Across the Atlantic, efforts to hold fossil fuel companies financially accountable for the impact of climate change to major US cities (New York, San Francisco and Oakland) also stumbled. As with most assertive action these days, we have ‘the youth’ to thank for taking the lead, and so it is with litigation mobilisation. Take the Children’s Climate Lawsuit, for example, which – since 2015 – has sought to bring both Democrat and Republican government to account, accusing both “of perpetuating policies that favor a fossil-fuel based energy system and of failing to adequately regulate greenhouse gas emissions”. The case continues.
Feeling energetic? Court rooms not your thing? Well, get out there and start marching because… #ThisIsZeroHour.
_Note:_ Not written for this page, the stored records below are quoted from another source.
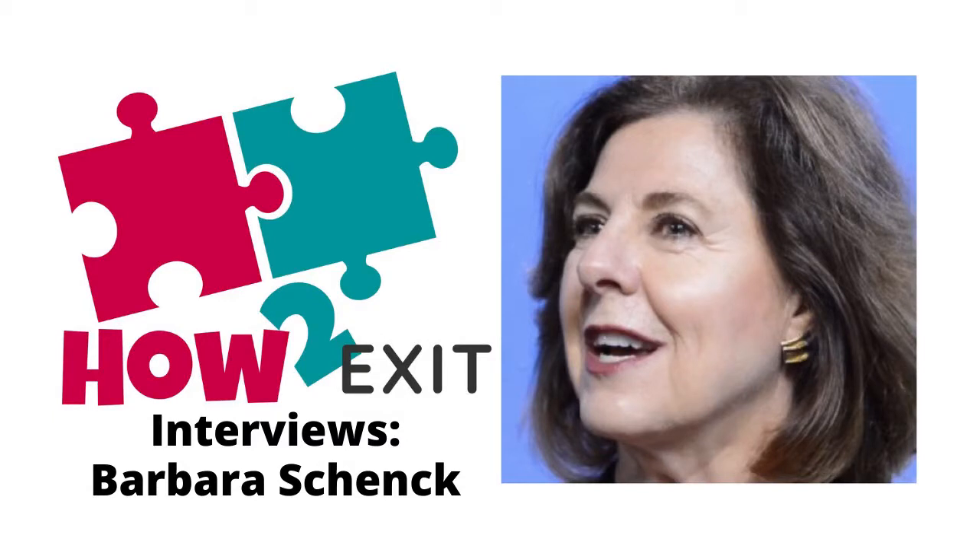Hello and welcome to the How to Exit podcast, where we introduce you to a world of small to medium business acquisitions and mergers. We interview business owners, industry leaders, authors, mentors, and other influencers with the sole intent to share with you what it looks like to buy or sell a business. Let's get rolling.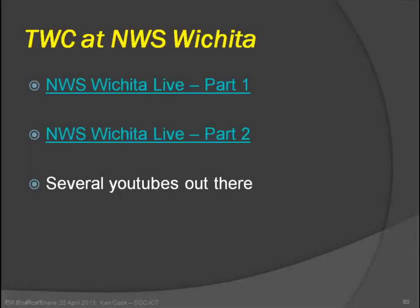Any more questions or comments? Okay, well thank you Ken. I think what you showed with the cycling is also important when we get these long-track tornadoes. Thank you everyone for joining us, and we'll see you next time.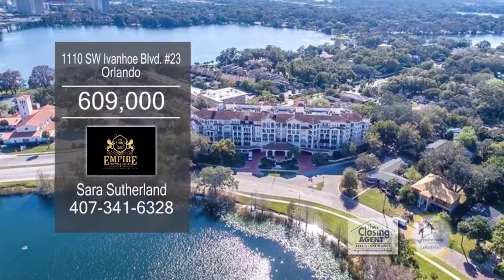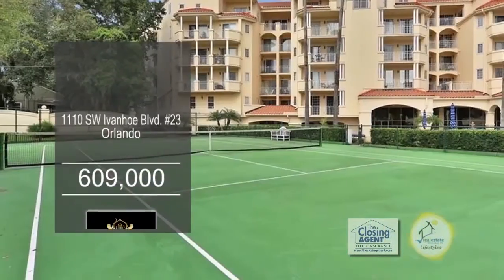The HOA includes 24-hour concierge, sewer, trash, pool, tennis, and more.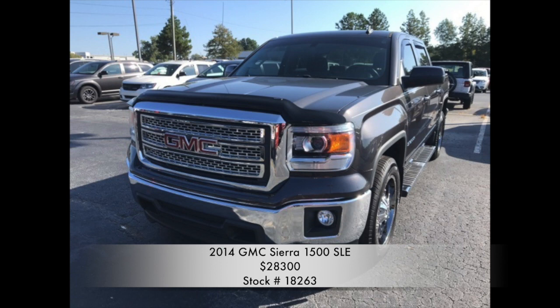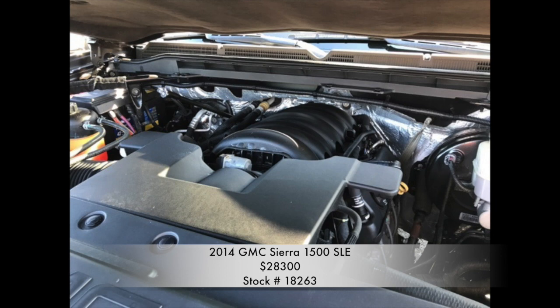Today, we're taking a look at the 2014 GMC Sierra 1500 SLE, listed online at 28.3. This 4-door crew cab is a 6-speed automatic with a 5.3 V8 flex fuel engine.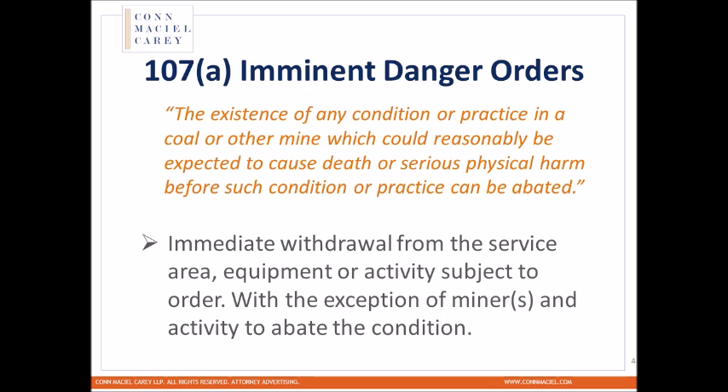At its initiation, this will most likely be a carte blanche cease work for an entire area, piece of equipment, or practice. Once it is determined what the fix is going to be, we'll be able to begin making those changes. It does have the ability to shut down an area or even multiple pieces of equipment, which is a serious concern. We need to understand what these imminent danger orders are and what specifically is being cited, because this can shut down a significant portion of our operations or key elements of them.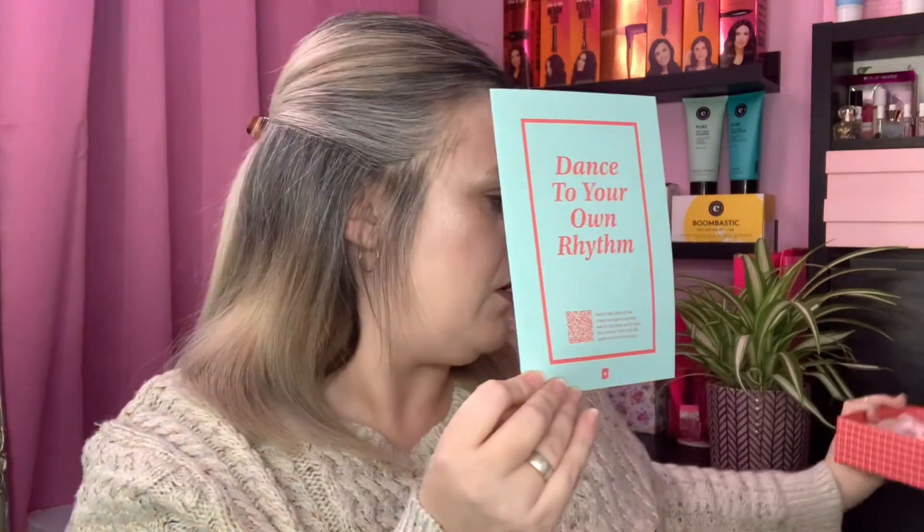Here we have the edit card. Let me just pop that down — the edit card has information on all the products that are in the box, and we will be referring to this throughout the video. Here is a little sneak peek — let's have a dig through to see what we've got.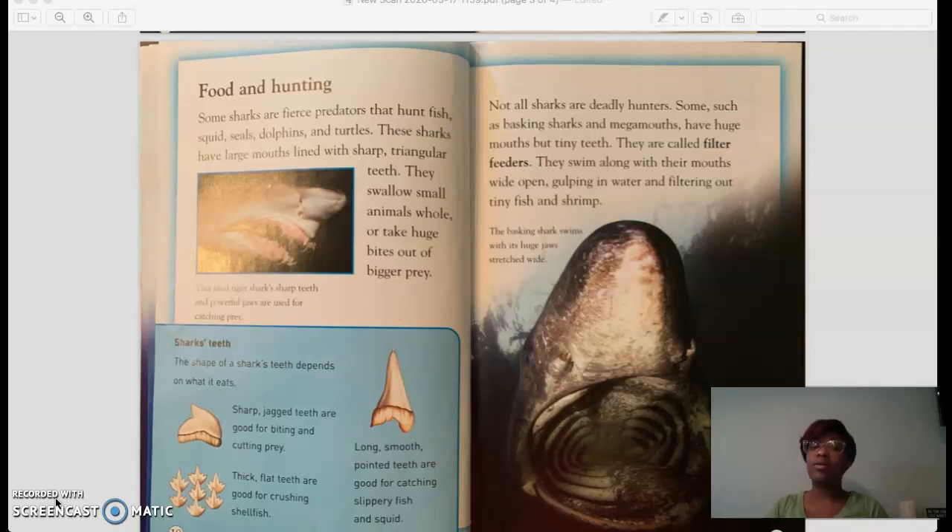We're also going to take a look at how the photographs connect with the paragraph and the information the author is teaching us. Now let's begin.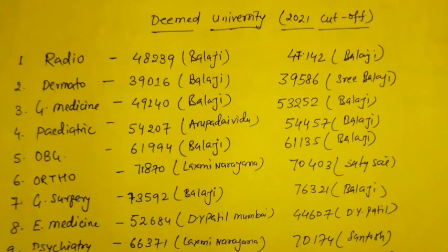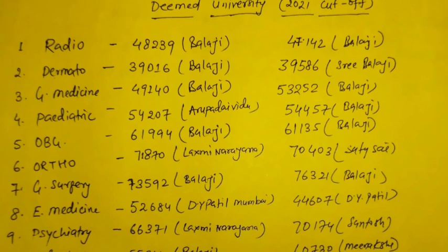Hello everyone and welcome to NEEDMENTOR. The first round MCC result is out and we have in front of you the competition between last year DIMM University cut-off versus this year DIMM University cut-off. For all the clinical branches, I have mentioned the cut-off score, cut-off rank, and the college's name.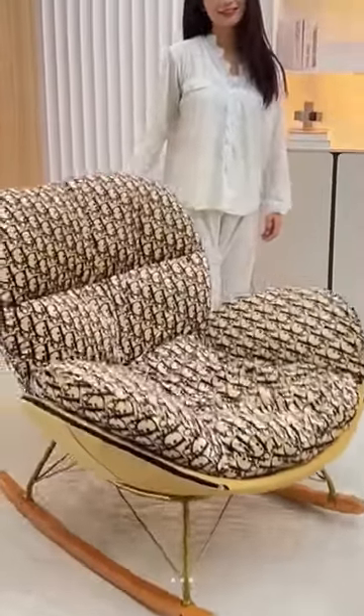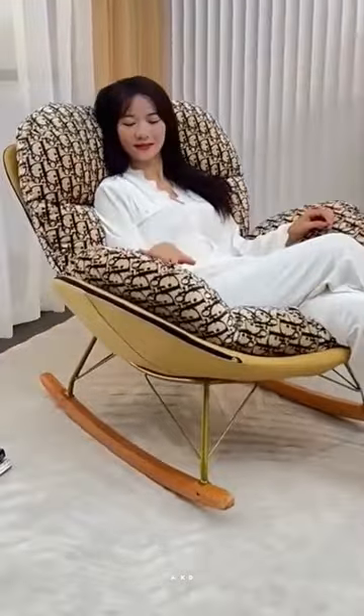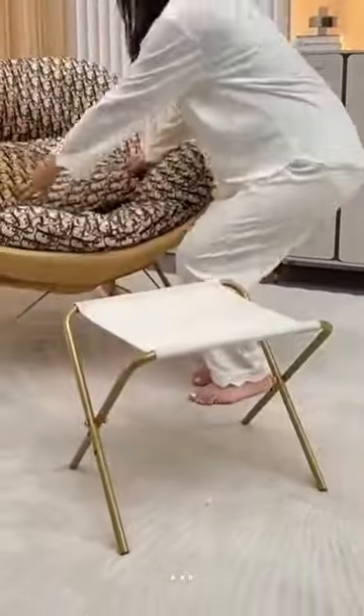Introducing our Lazy Wooden Lounge Chair, a versatile piece of furniture perfect for relaxation, meditation, and unwinding. Whether you're looking to upgrade your living room, bar area, or outdoor space, this wooden recliner is the perfect solution.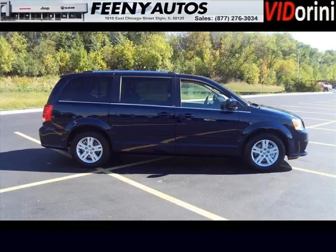Feeney Chrysler Jeep Dodge is the dealership for you, conveniently located in Elgin, Illinois off of I-10.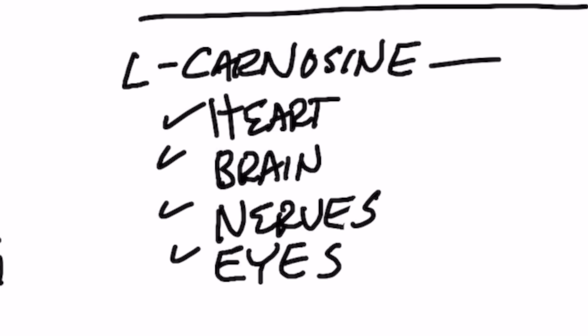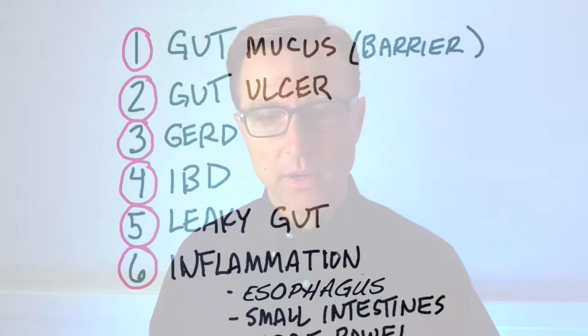People normally take L-carnosine for the heart, for the brain, for your nerves, for your eyes, to help counter the side effects from diabetes. But zinc L-carnosine works very specifically to support the mucus barrier of your gut, because if you lose that mucus barrier, then microbes can invade into your lymphatic system and cross that barrier and create all sorts of immune reactions. So zinc L-carnosine can really help you support this mucus barrier of your gut.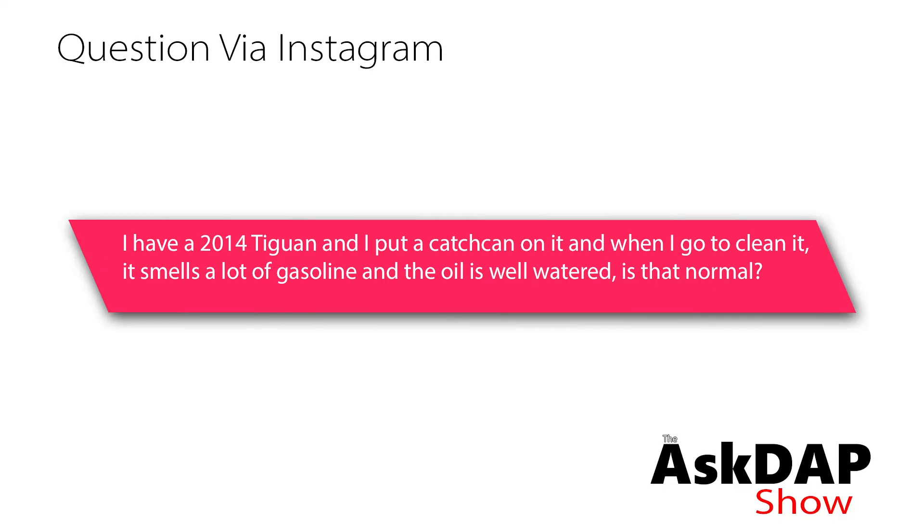I have a 2014 Tiguan and I put a catch can on it. When I go to clean it, it smells a lot like gasoline and oil. Is that normal?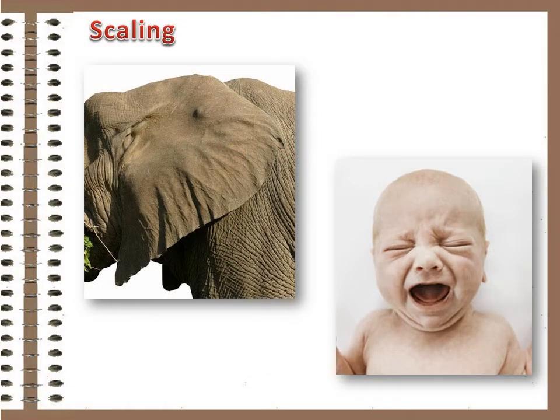There is a connection between the ears of an elephant and the bald head of a newborn baby. Do you know what it is? It has to do with a physics principle called scaling. It comes into play in many aspects of science and life, but most people aren't familiar with it. Here's the story.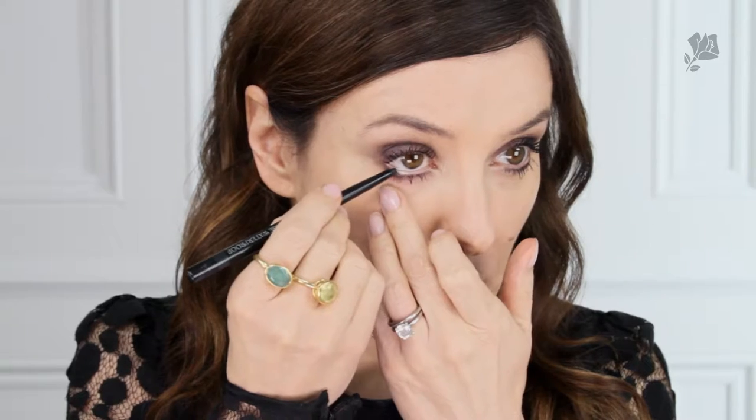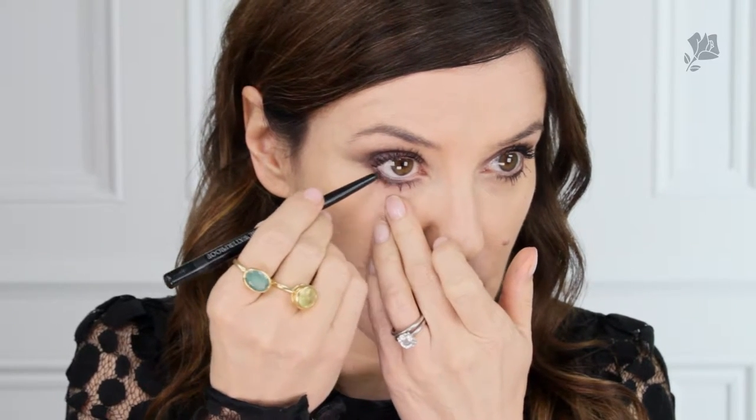For mascara I'm going to choose waterproof, because for a night out you don't want your mascara to run — you don't have to worry about it. A couple of good coats of waterproof mascara and you're set. To finish the eyes I'm going to use the black waterproof pencil all along the lower waterline. This will just add some drama, and because it's waterproof it should stay put.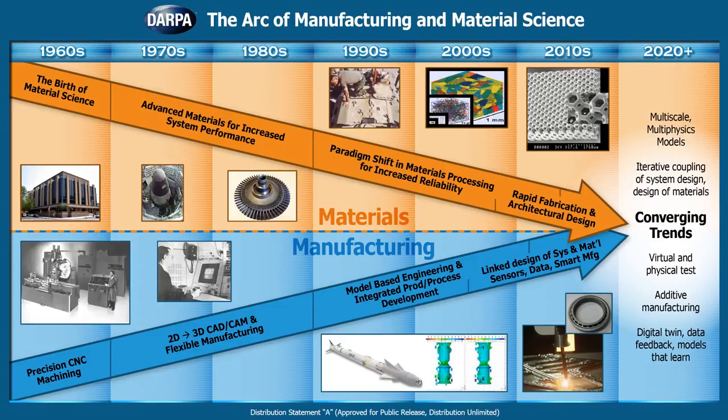Early on, DARPA's efforts focused on new materials as needed to compete with the Soviets. As the services began to engage in materials development, DARPA turned to a different problem: how do you improve how we make those materials? In the 1980s, information science was blossoming — computers were getting faster, the first wave of artificial intelligence was starting, electronics were getting smaller and faster. That enabled people to do materials processing using real-time process models with in-situ sensors, and that was the birth of intelligent processing of materials.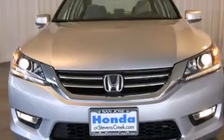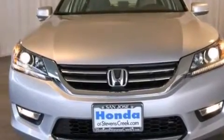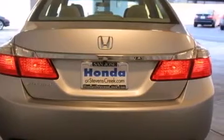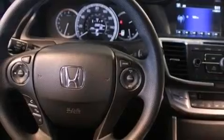Features include a power moonroof, air conditioning with automatic climate control, cruise control, a CD player, a passenger side vanity mirror, side impact airbags, a rear window defroster, a traction control system, keyless entry, and a power driver seat.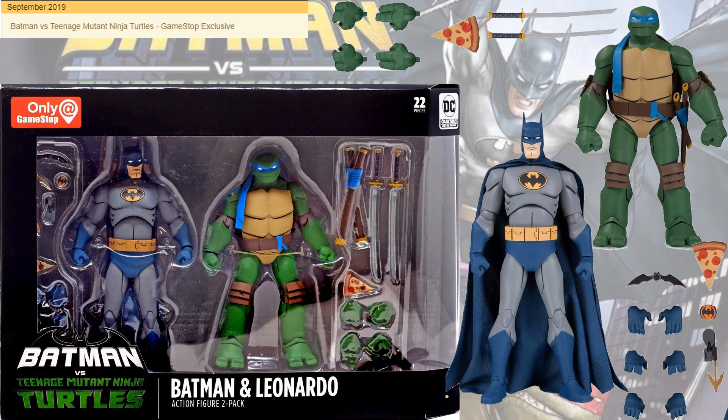Now the crazy thing about all the rest of these is that they were all GameStop exclusives. The Batman and Leonardo two-pack came out September 2019. Both came with a slice of pizza — Batman came with a grapple gun and batarang, and again several hands for each.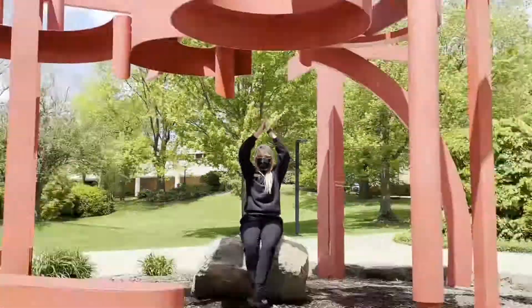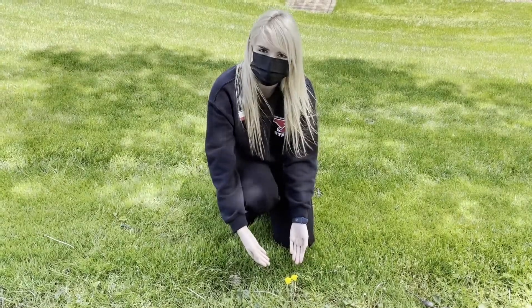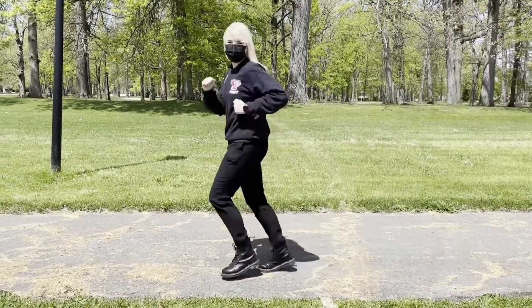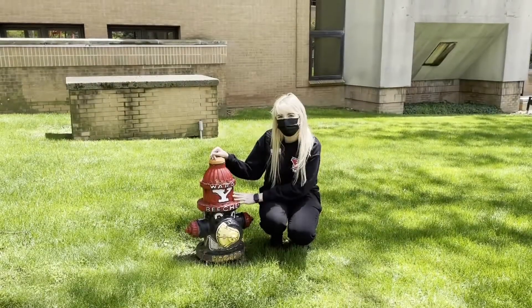A is for art. B is for bench. C is for cactus. D is for dandelion. E is for exercise. F is for fountain. H is for heart.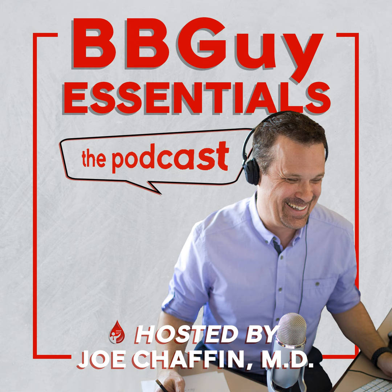You are listening to the Blood Bank Guy Essentials podcast, episode 040. Hi everyone, welcome back to the Blood Bank Guy Essentials podcast. I am Joe Chaffin, your host. I have got a great interview to share with you today on a topic that might first seem old school to some of you and brand new to others. Dr. Mark Yazer is back to talk about whole blood in an episode I like to call Holy Whole Blood.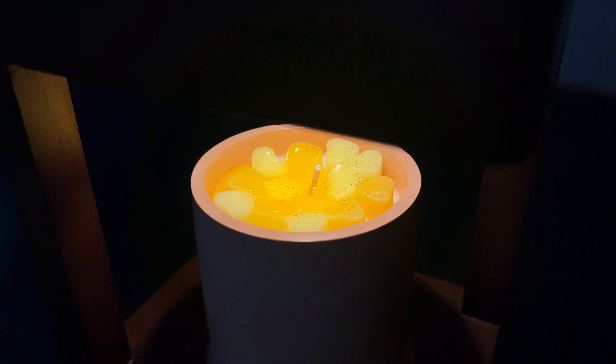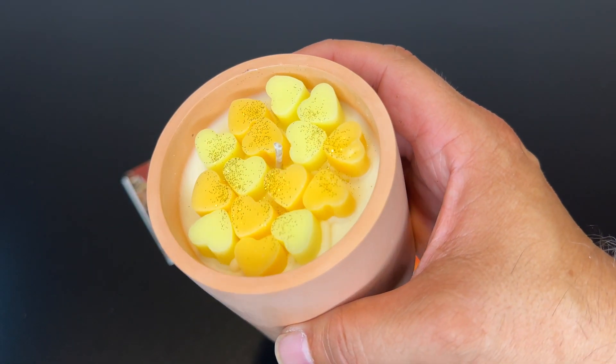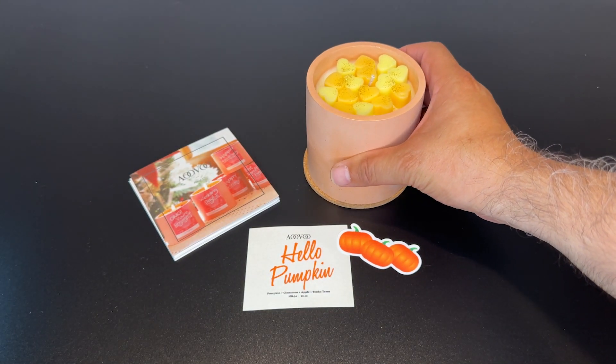I highly recommend this candle to anyone who loves the smell of pumpkin spice. Therefore, I rate this product 5 out of 5 stars.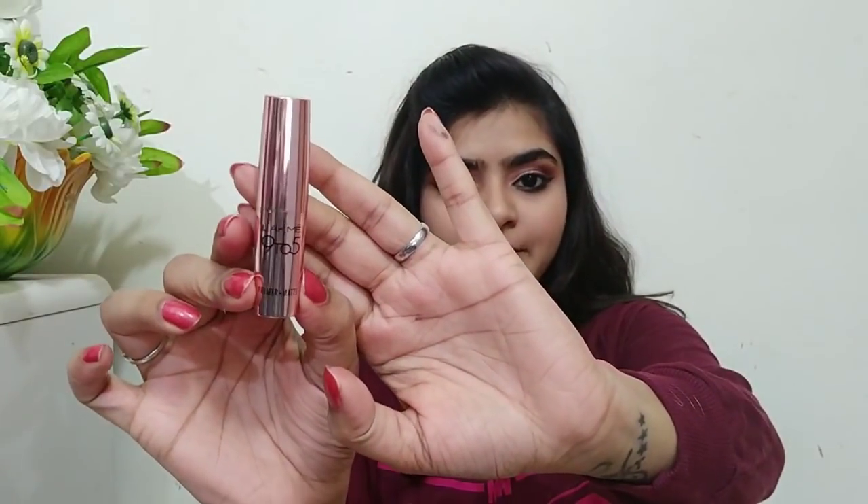Hi everyone and welcome to my channel. Today's video will be on the Lakme 9 to 5 Primer Matte Lipstick.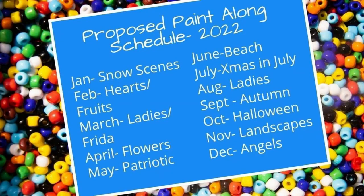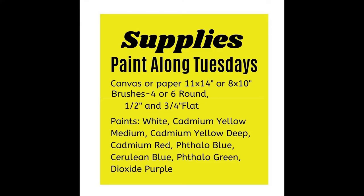And here is our 2022 proposed list of designs. Each month has a different theme, and every week is a new design within that theme. Next is our supply list — very basic and simple to get you started, and then you can add to it as you go. See you at Paint Along Tuesdays!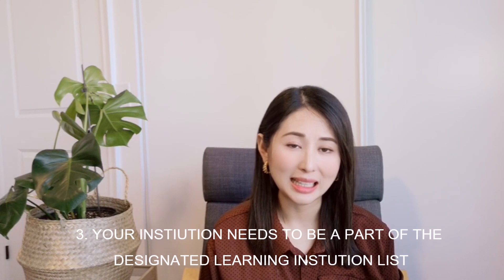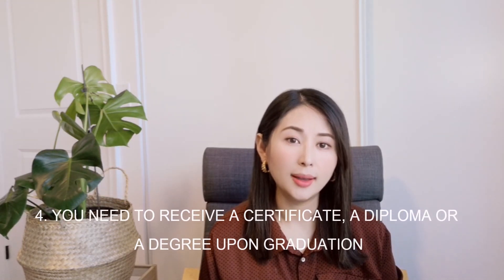Third, the institution you enroll in must be on the Designated Learning Institution list. Before applying to any university or institution in Canada, check that it is on the list, because if it isn't, you will not be eligible for the PGWP — I'll share a link in the description where you can check. Finally, you need to study at a post-graduate level and upon graduation receive a certification, degree, or diploma, which you will need when applying for the PGWP.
The BBC didn’t cover the march, but it was yet another expression of a youth movement whose time has come. This is the paradox anyone born this century now faces:
“As young people, we find ourselves in this really awkward place in history where we are going to be alive for the worst effects of
#climatechange, but we’re not old enough to make the decisions right at that tipping point where they need to be made”
If marching is your cup of tea, then make a note of the date – September 8th – and join the global day of action inspired by #RiseForClimate.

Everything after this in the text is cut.